Abrigo: Recyclable drugs and disposable cops



HAVING superb intelligence network, then mayor Rody Duterte was invited to a senate hearing sometime in February 2014, to identify the person suspected of smuggling rice that often docked in the ports of Davao. In his opening statement, he criticized the Justice Department under Secretary Leila De Lima for a sluggish action to file cases against the smugglers.

Then he continued, saying: “The trouble with us in government is that we talk too much, act too slow, and do too little, don't we? What the country needs is not more laws but more good men in public service. Do we subscribe to that?”

The statement was a slam dunk! Everyone in the room was blitzed. The hearing was covered by the national televisions, and the viewers as if responding to the preparative count of cadence, exclaimed together in unison: “He is my next president!” Two years later, Duterte won in a landslide victory.

No doubt, President Duterte retained best intelligence assets since mayoral days. His wide network was only tainted when Malacañang came up with a “matrix of conspirators to oust the president” that included Hidilyn Diaz. Many questioned how could the national pride weightlifter involve self in a conspiracy?

Now, does the present government “talk too much, act to slow and do too little” for publicizing a drugs watchlist, without a methodical validation, similar to conspirator’s matrix? Or it is just that a manipulative publicist is going through a demolition job against the “good men in public service”?
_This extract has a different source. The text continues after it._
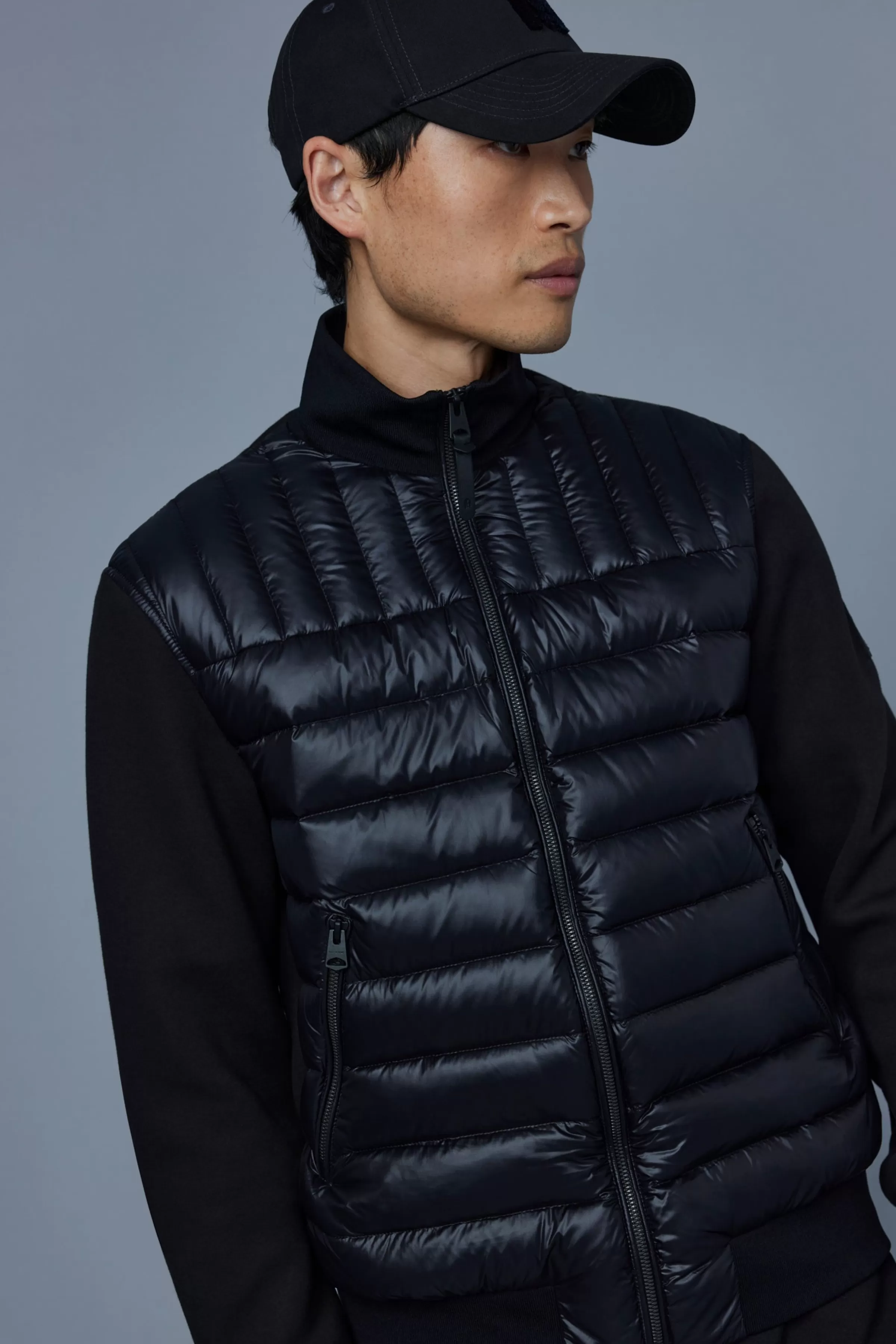 Collin, Mixed Media Bomber Jacket For Men | ® US | Mackage Cheap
General Albayalde and Colonel Espenido are not disposable cops after being used as drug busters in their respective assignments. It is only in Hollywood and local action movies and not in the serious war against drugs, that the assets working in the underground world as deep cover agents, that supplied classified information to their units will be disposed in due time.
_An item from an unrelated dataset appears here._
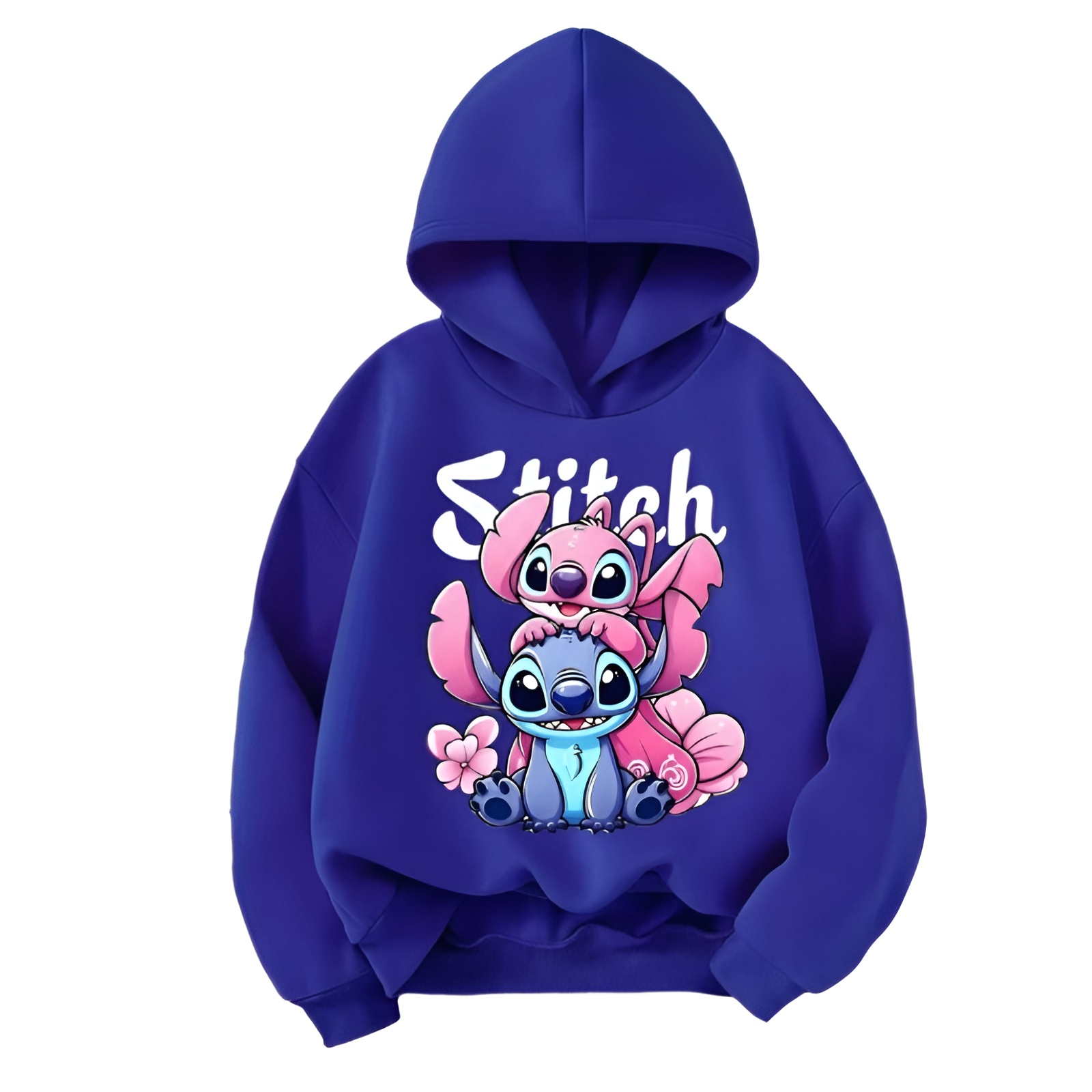 Stitch and Lilo Graphic Hoodie for Girls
What happened to Albayalde and Espenido reminded me of Lieutenant Colonel Ferdinand Marcelino who once headed the Special Enforcement Service of the Philippine Drug Enforcement Agency (PDEA). His uniform is well-decorated and colorful because of his excellent performance in the agency. But since 2016 he went through a tough battle of his career and security when the PNP and PDEA conducted a raid in Celadon apartment in Sta. Cruz, Manila.

The raid was successful but Marcelino faces charges without bail. The legitimacy of his presence in the vicinity to bust the shabu laboratory under “Oplan Moses” with ISAFP operatives was denied both Malacañang’s Presidential Anti-Organized Crime Commission (PAOCC) and the then ISAFP Chief Army Lt. Col. Eduardo Año, now the DILG secretary, saying Marcelino’s commission expired since 2014. Marcelino’s lawyer claimed, the fate of Marcelino being an excellent performer in the war against drugs is part of PDEA’s demolition job.

We anticipate there is the so called “recycled drugs”, be it for sale or for evidence. So that internal cleansing is needed in the PNP and maybe in PDEA. But to surmise the valiant warriors like Albayalde and Espenido as enemies is a silent admittance that we are gradually losing the war. Because the malignant cells (cancer) of jealousy widely spread within the organization of warriors, and the leaders failed to distinguish between the true-blue and the disloyal.